Determinism in sdivi-rust

sdivi-rust is a measurement instrument. Its core guarantee is that the same repo state + the same config always produces the same snapshot. This document describes how that guarantee is implemented and what its limits are.

BTreeMap Discipline

Rule: BTreeMap is used everywhere output ordering matters. HashMap is permitted only in hot-path internal structures where iteration order does not influence output.

Specifically:

PatternCatalog.entries: BTreeMap<String, BTreeMap<String, PatternStats>>
Snapshot fields containing per-file or per-category data
The path_partition: BTreeMap<String, u32> in Snapshot
All *Input structs in sdivi-core::input

The consequence: sorted output is part of the contract. JSON snapshots emit keys in lexicographic order. Foreign extractors feeding DependencyGraphInput do not need to pre-sort — the compute functions re-sort internally.

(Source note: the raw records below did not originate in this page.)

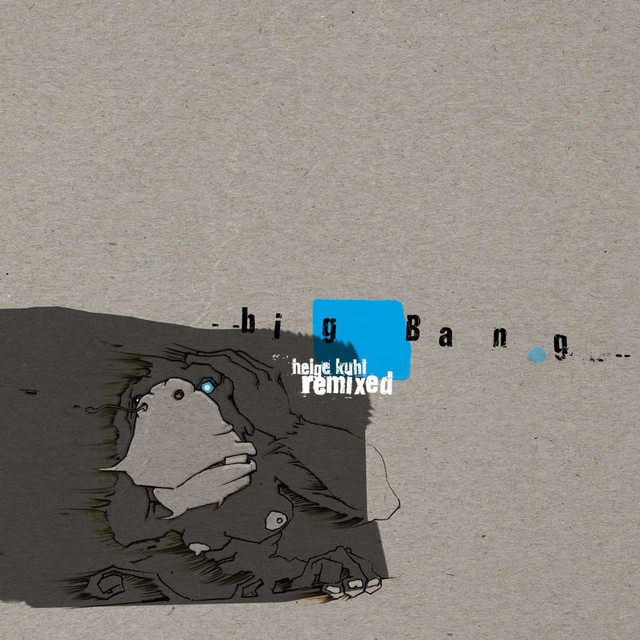 Intro cover art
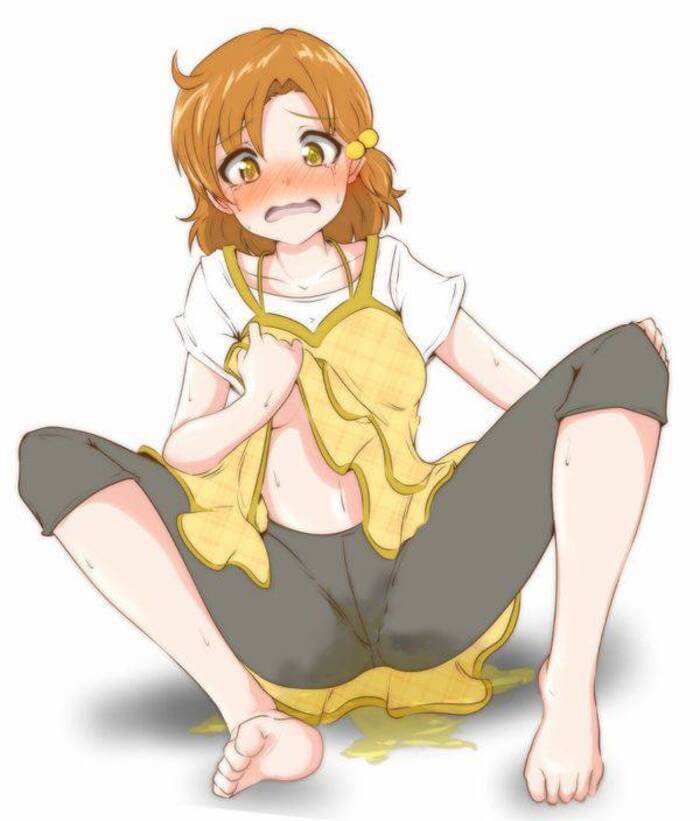 アイドルマスターの高画質なエロ画像を探してみました！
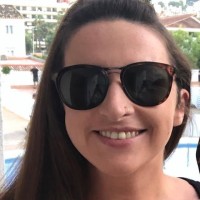 Laura Drury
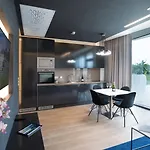 Zala Springs Health & Golf 5* Zalacsány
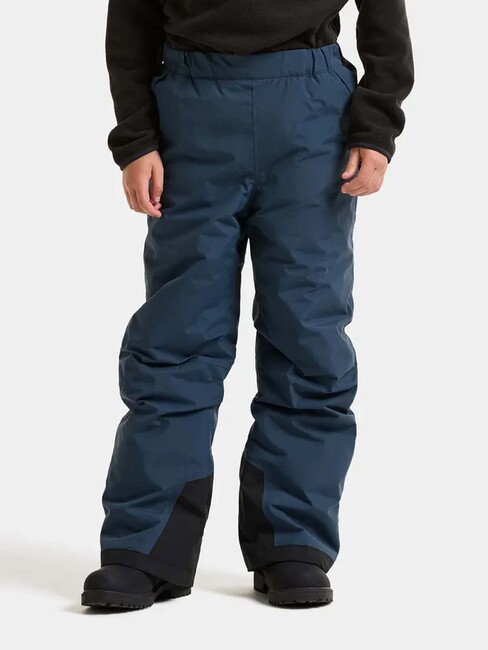 Didriksons Perlit Overtræksbukser, Mountain Blue 506305-G23-1356_5.jpg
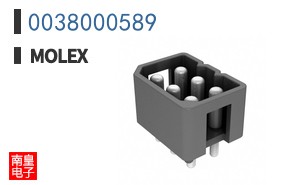 0038000589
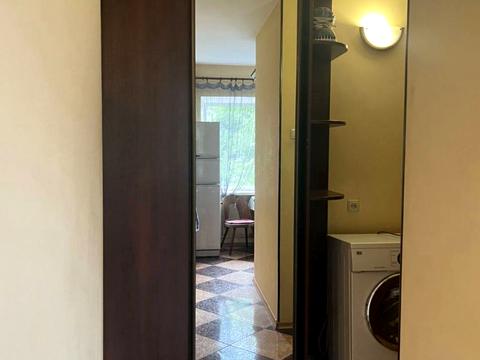квартира за адресою Михайла Бойчука вул. (Кіквідзе), 28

When multiple candidate sub-communities have equal modularity gain during the Leiden refinement phase, the tie is broken by smallest sub-community ID (the BTreeMap over (comm_id → k_in) iterates in ascending key order, so the lowest-ID candidate wins). This produces deterministic output for a given seed but may select a different partition than leidenalg’s random-selection rule (exp(ΔQ/θ) probability). The difference is within the 1 % modularity tolerance of the verify-leiden fixture suite. Faithful Traag-2019 random selection is filed as a future milestone.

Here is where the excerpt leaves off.